According to the results to be released Wednesday, 61 percent of the state’s white students reached the minimum college-readiness benchmarks in at least three of the four subjects tested, up from 59 percent a year ago. Black students who met the same standard remained at 16 percent.
For black seniors, that was an improvement over 2009, when 14 percent of test takers were college-ready in three subjects. But it was still short of the five-year high of 17 percent in 2011.
American Indian, Asian and Hispanic students also saw the gaps widen between themselves and white students on the college-readiness front, the results show.
Said Cassellius: “We absolutely have to always address the achievement gap.”

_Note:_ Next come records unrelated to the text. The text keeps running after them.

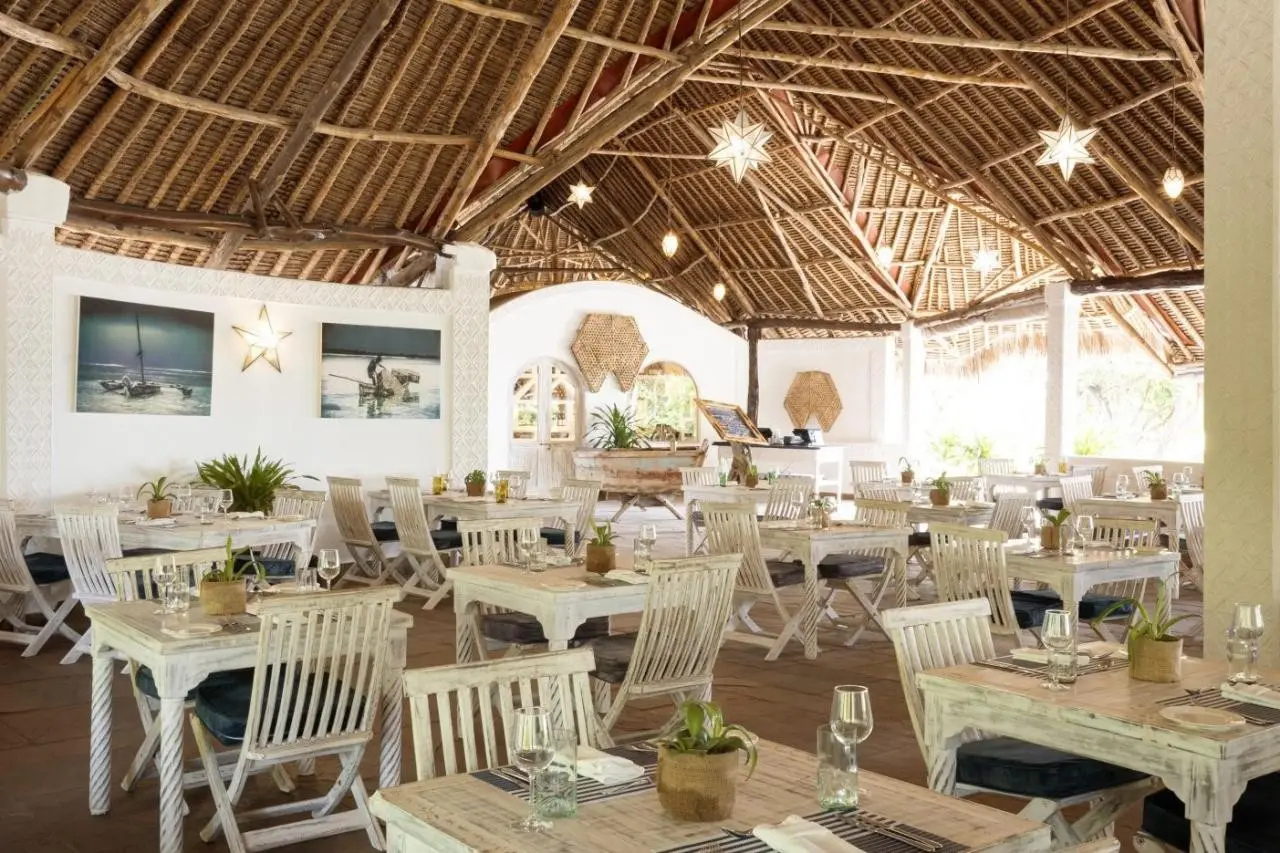 Restauracja i jedzenie w hotelu The Sands At Chale Island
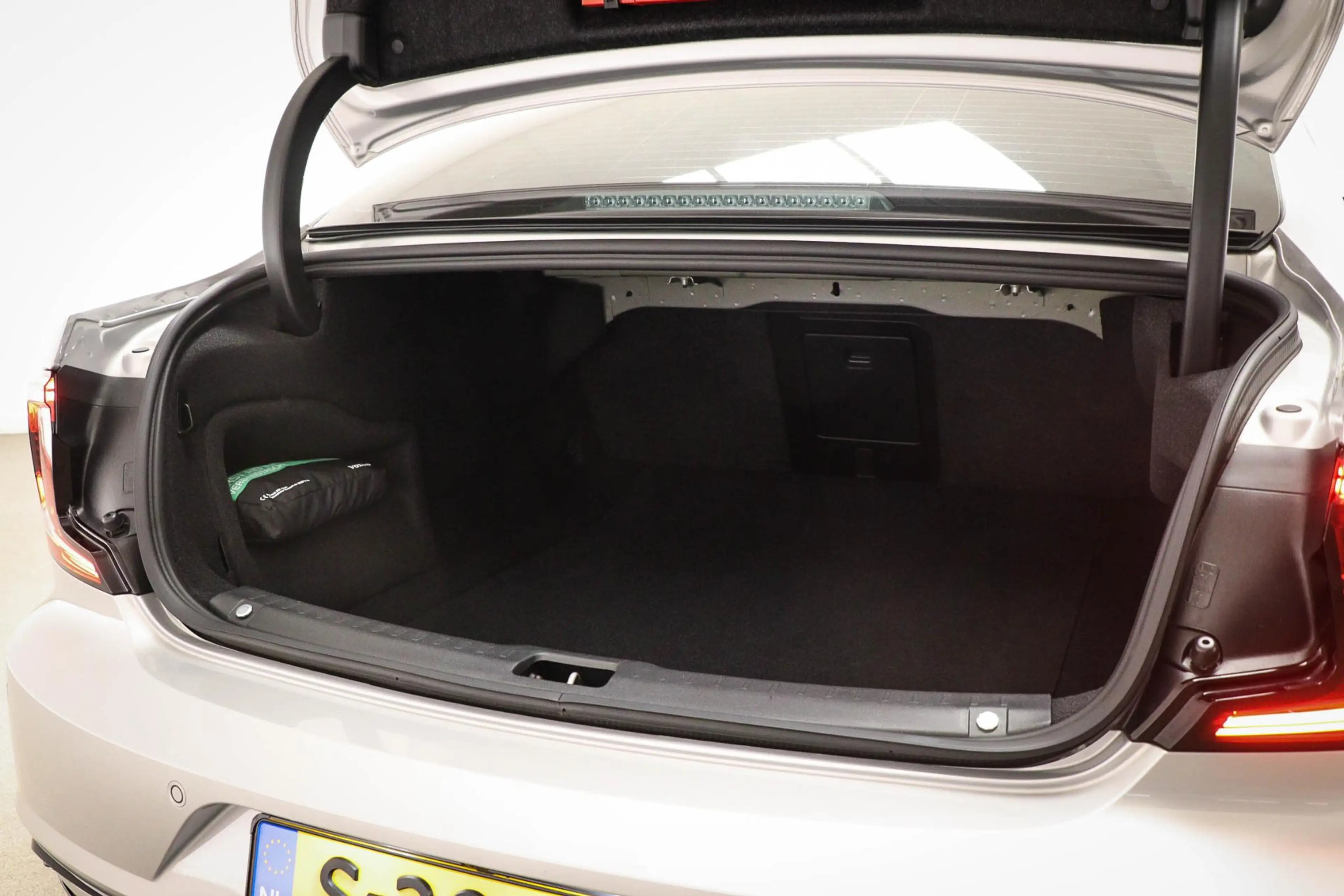 Volvo S90 2.0 B5 Ultimate Dark | Luchtvering | Bower & Wilki — photo 17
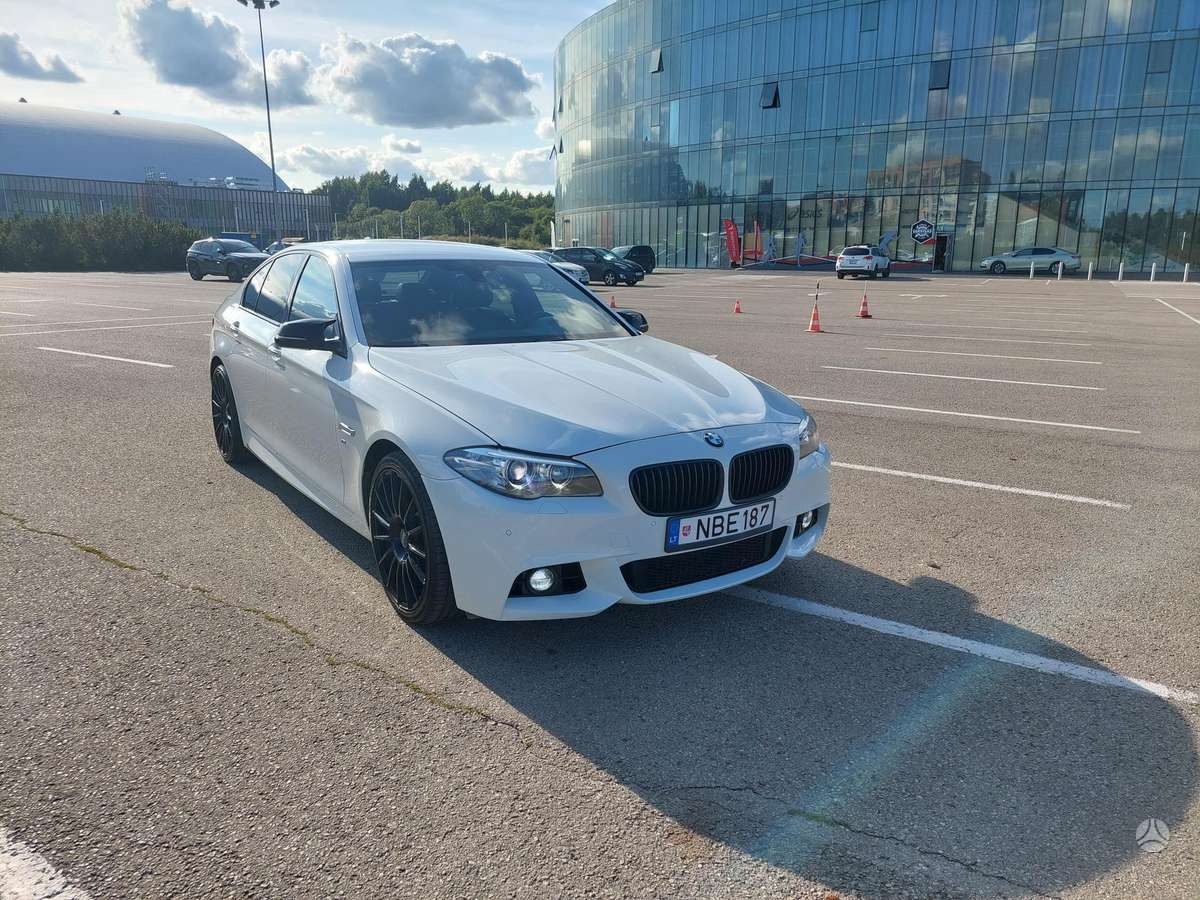 BMW 520, 2.0 l., Седан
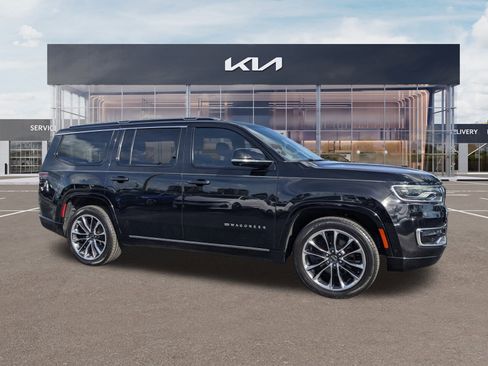 Used 2023 Jeep Wagoneer Series III w/ Premium Group I image 2
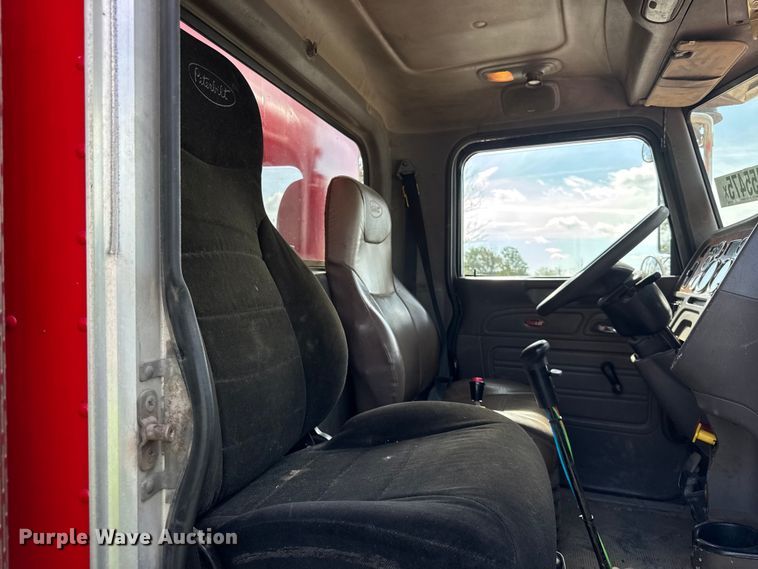 image for item YA1223 2006 Peterbilt 378 dump truck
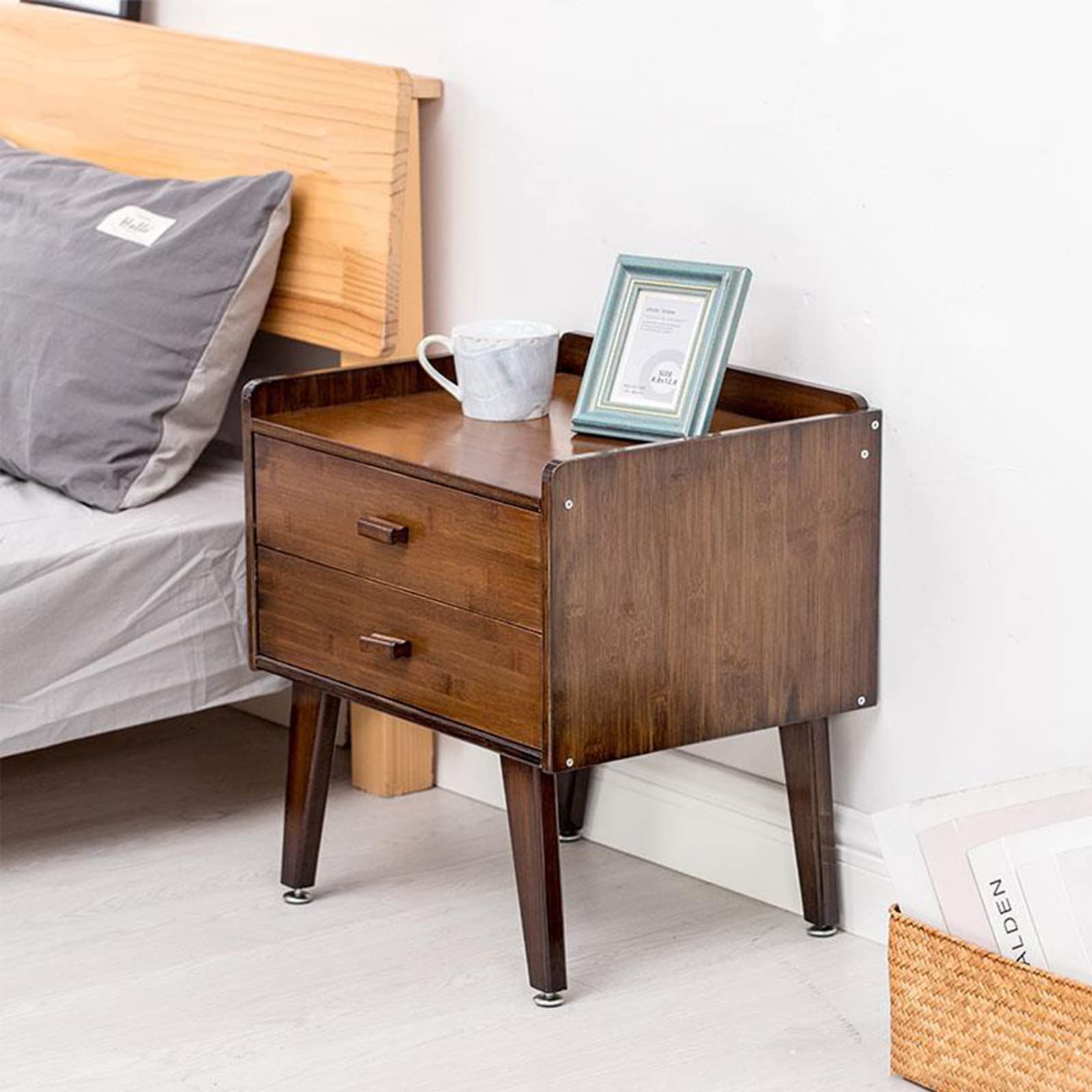 Modern 2-Drawer Nightstand - Solid Wood Bedside Table with Double Drawer Design for Bedroom & Living Room - Walnut Finish - Perfect for Small Spaces, Apartment Furniture & Guest Room Storage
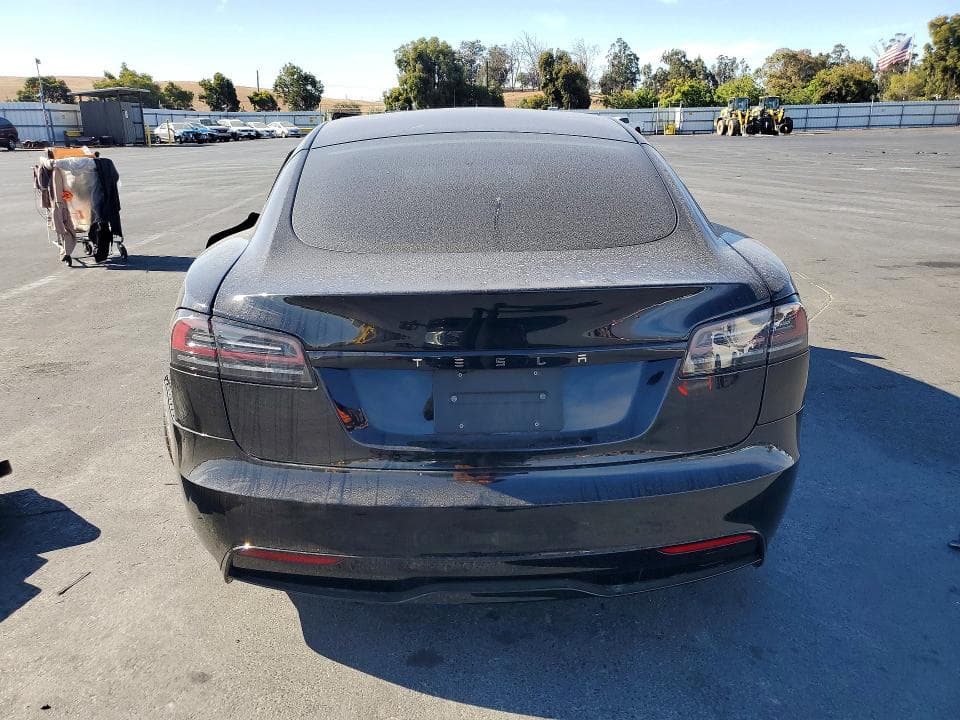 2024 TESLA MODEL S 6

She said that she had not seen the college-readiness comparisons. She emphasized, instead, that each of the state’s student subgroups — with the exception of Asians, a Star Tribune review of the data later revealed — had outperformed their national counterparts.
That accomplishment, the commissioner said, was more notable than the state’s continued first-place ranking.
This year, Minnesota’s average composite score was 23, up from 22.8 in 2012, out of a possible 36. Seven other states had scores that were the same or higher, but in each case less than half of the state’s students participated.
About 74 percent, or 44,676, of Minnesota graduates took the ACT. Massachusetts, which recorded the highest average composite score — 24.1 — saw only 22 percent of its graduates take the test.
For the ACT, students are tested in the areas of English, math, reading and science. The results that are to be released Wednesday include not only composite scores, but also a gauge of how well prepared students may or may not be for college coursework.
College readiness is defined as the score that a high schooler needs to achieve to have a 50 percent chance of earning at least a B and a 75 percent chance of getting at least a C in a college class.
Thirty-one states had more than 40 percent of their students take the ACT. In only two of them — Minnesota and Wisconsin — did more than half of the graduates meet at least three of the college-readiness benchmarks.
In Minnesota, 78 percent of students were college ready in English, the highest percentage by subject area. The lowest was in science, with 52 percent of students being proficient, up from 42 percent a year ago.
The 39 percent deemed this year to be college ready in all four areas marked the high point for that statistic in the past five years.